During Ramadan, eating and drinking in public during daylight hours is forbidden in Qatar, while many government offices and businesses also operate on substantially reduced working hours.
Additionally, the ECA plan calls for domestic cup competitions, such as the FA Cup in England, to be concluded in June once the World Cup has finished. That has not gone down well with national associations.
Separately, the Association of European Professional Football Leagues (EPFL), which counts the Premier League, Spain's La Liga and the German Bundesliga among its members, suggests the World Cup starting in late May and ending in June.
That plan seems to be a non-runner following the renewed heat warnings,
BBC Sport understands both the ECA and the EPFL will now work together to produce a new plan for May that answers the main criticisms levelled against their current proposals.
Who wants what?
Fifa has a long-held preference for November/December, although North American and South American confederations are against those dates because their domestic seasons conclude around this time.
Uefa put forward a proposal for January/February 2023, but that was swiftly dismissed by Fifa general secretary Jerome Valcke, who insisted the tournament was contracted to be played in 2022.
Uefa would prefer January/February 2022 because a November tournament would impact on the Champions League group stages.
On Wednesday, Uefa president Michel Platini ruled out a World Cup between April and September.
That will disappoint the big European leagues, including the Premier League, as they want a May tournament.
They want to see every option for a summer tournament exhausted, and are angry because they feel they are having to absorb the repercussions of Fifa's actions.
A January/February competition would be deeply unpopular with the Premier League given it would put a hole in the schedules of broadcast partners and disrupt the title-run in.
Other European leagues could be more willing to accept January/February.
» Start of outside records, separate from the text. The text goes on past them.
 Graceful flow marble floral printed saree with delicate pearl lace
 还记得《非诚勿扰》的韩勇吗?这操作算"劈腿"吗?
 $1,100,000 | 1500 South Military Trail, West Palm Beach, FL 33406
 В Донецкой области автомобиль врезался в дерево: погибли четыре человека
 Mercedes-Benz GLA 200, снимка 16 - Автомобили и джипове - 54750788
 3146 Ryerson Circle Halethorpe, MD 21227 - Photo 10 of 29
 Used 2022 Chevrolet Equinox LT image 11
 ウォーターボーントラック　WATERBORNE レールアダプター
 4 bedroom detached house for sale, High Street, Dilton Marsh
Many already employ a winter break, which could be delayed to accommodate the World Cup.
If a winter tournament is staged, many European leagues would prefer one as early in the season as possible. September/October has been mentioned, but this is not an option for the Fifa taskforce.
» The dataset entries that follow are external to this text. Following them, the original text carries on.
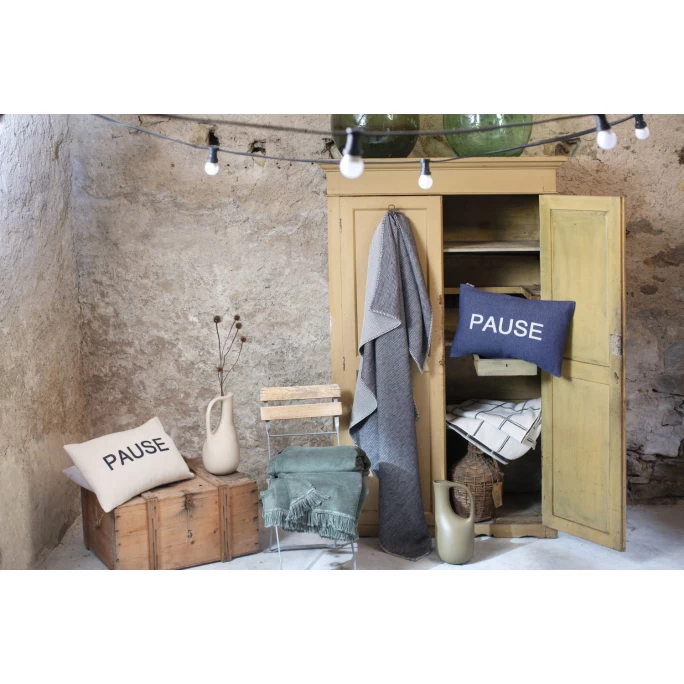 David Fussenegger NOVA Pause Kissenhülle - 40x60 Cm - Blau 4 David Fussenegger NOVA Pause Kissenhülle - 40x60 Cm - Blau – Bild 2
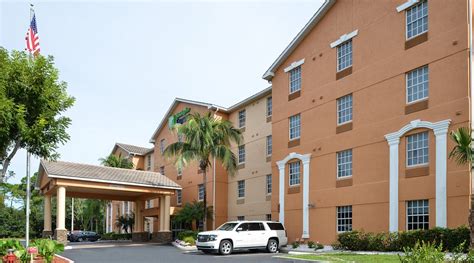 HOLIDAY INN EXPRESS & SUITES NAPLES NORTH - BONITA SPRINGS BY IHG ...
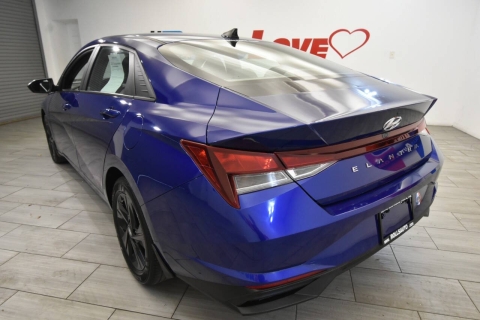 2023 Hyundai Elantra SEL 4dr Sedan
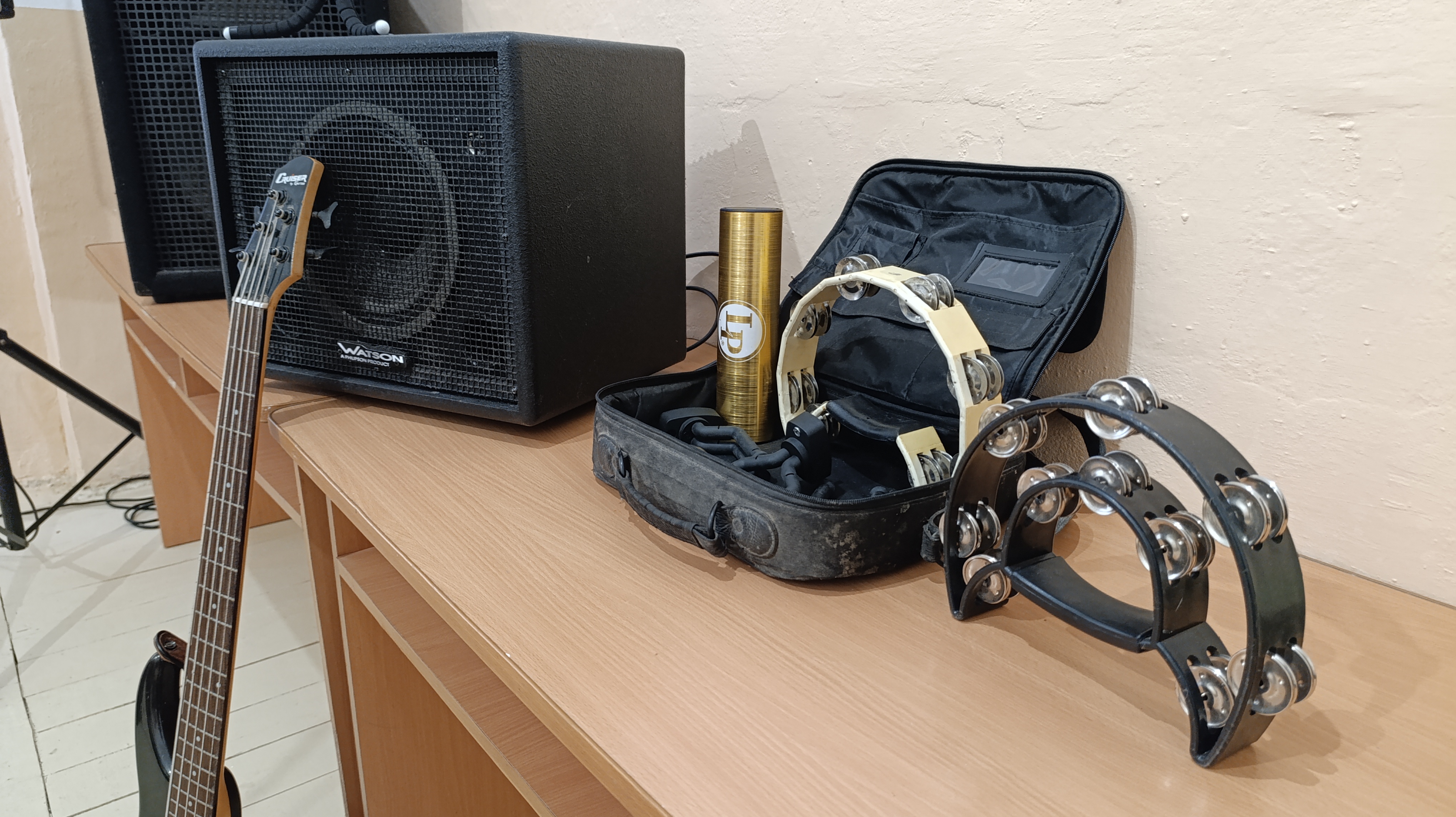 Фото до матеріалу: У Сваляві відновили музичний простір для молоді з участю легендарного рок-гурту «Стрес"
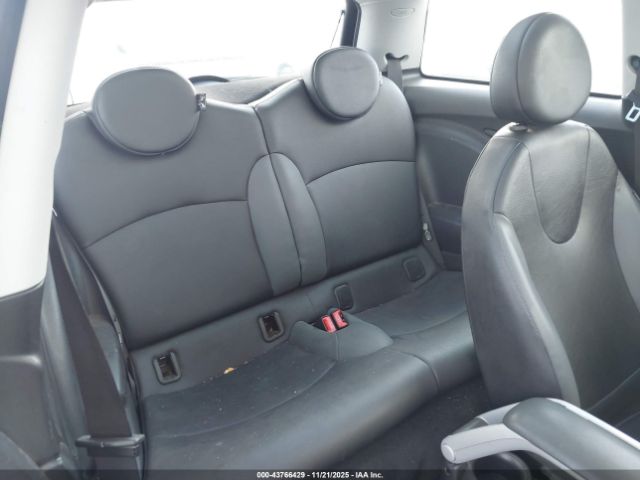 2008 MINI COOPER WMWMF33548TU67356 Photo 7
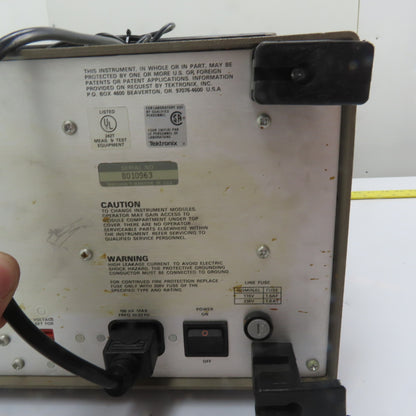 Tektronix 1230 Portable Logic Analyzer 16-64 Channel 115/230V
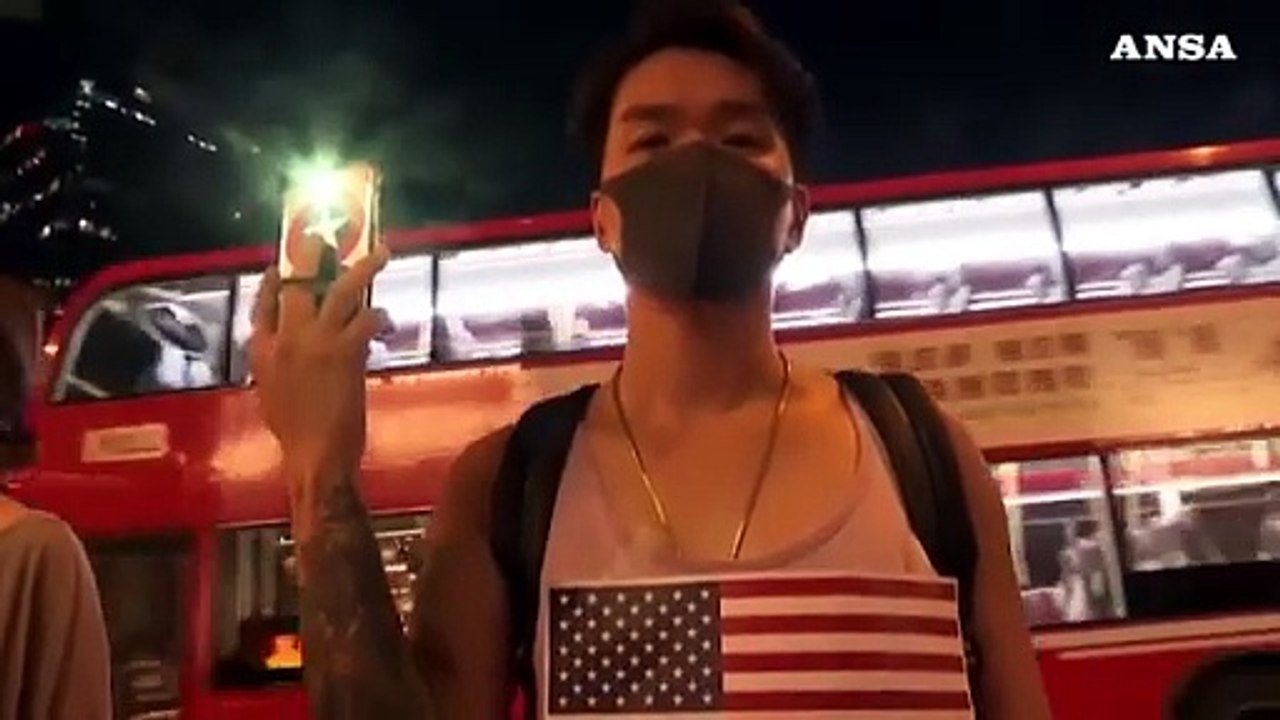 Hong Kong, una catena umana lunga 40 km contro la Cina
What are the major stumbling blocks?
Of the three options still under consideration, Fifa is believed to want November/December for several reasons.
Firstly, Blatter has an agreement with the International Olympic Committee that there will be no clash with the 2022 Winter Olympics, which are expected to take place in January and February.
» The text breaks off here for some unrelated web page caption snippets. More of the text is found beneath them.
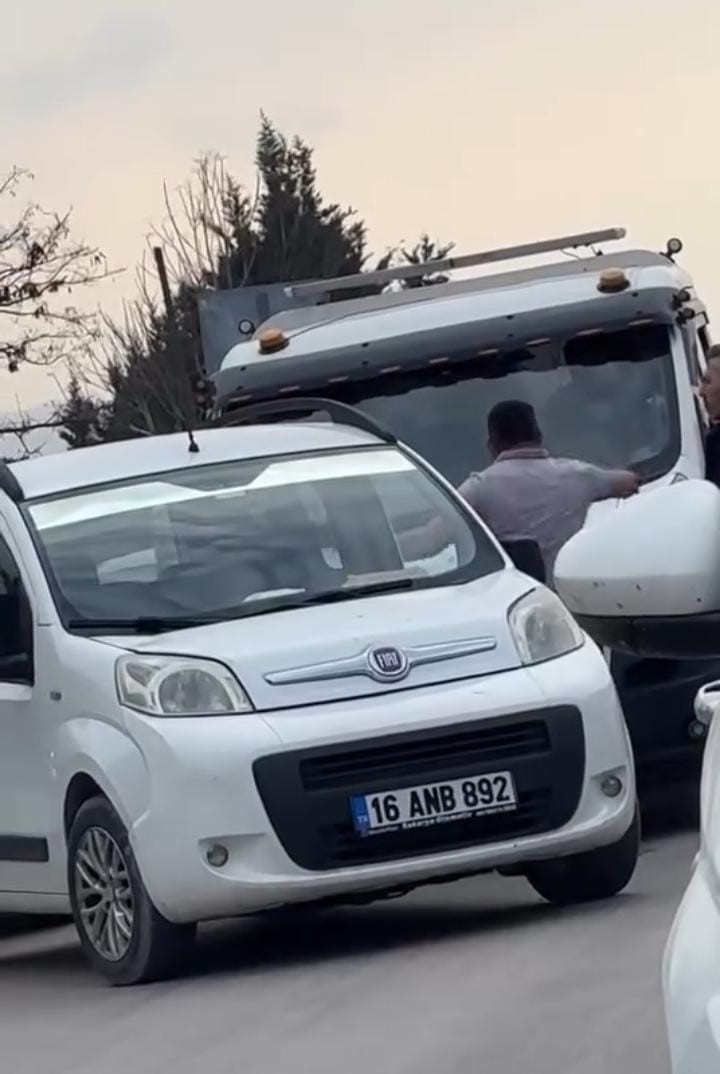 Bursa’da trafikte yol verme kavgası kamerada
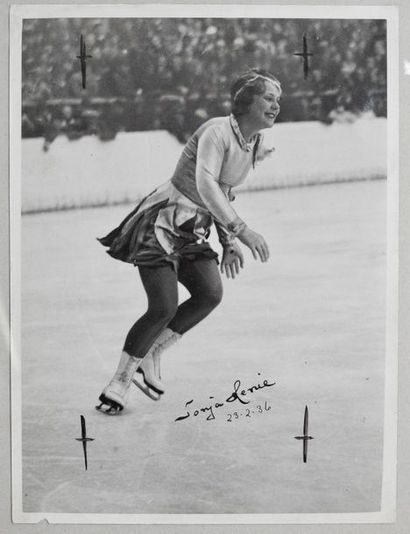 null Sonja Hénie. Photo noir et blanc de la triple championne olympique. Tirage original.
Image...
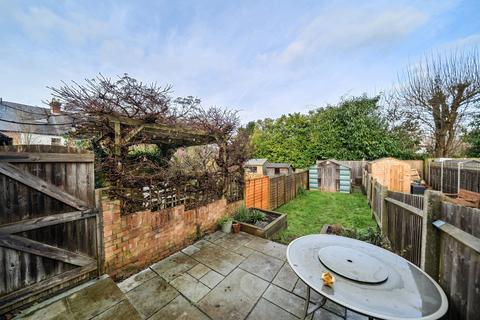 43 Catteshall Lane, Godalming, GU7 1JS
Perhaps more importantly, a January/February World Cup could force Fifa to take a significant commercial hit.
US broadcaster Fox, which will show the 2018 and 2022 World Cups, is reported to have paid $425m on the understanding that both tournaments are held in the summer.
That is because Fox also broadcasts the NFL, which is midway through its season in November and building up to the Super Bowl in early February.
If the tournament goes ahead in the first two months of the year, expect Fox and other media companies to demand financial recompense.
What's the most likely outcome?
One senior figure at the negotiating table, speaking to the BBC on condition of anonymity, said that at this stage he "wouldn't like to call which way it would go".
The November/December date which Fifa is so keen on is said to have received scant support at Monday's meeting.
However, on the basis that what Fifa wants, Fifa normally gets - and with the International Olympic Committee and commercial considerations factored in - then a tournament in November/December must still be considered the probable outcome.
There will be those who make very strong arguments for January/February and it should not be ruled out yet.
When will a final decision be made?
The taskforce has been asked to advise Fifa's ruling executive committee, which is headed by Blatter, of its preferred option by March 2015. It will then, in theory, rubber stamp the recommendation.
But there is no clear guidance on how the taskforce will arrive at its conclusion and a further meeting between all parties is expected in January.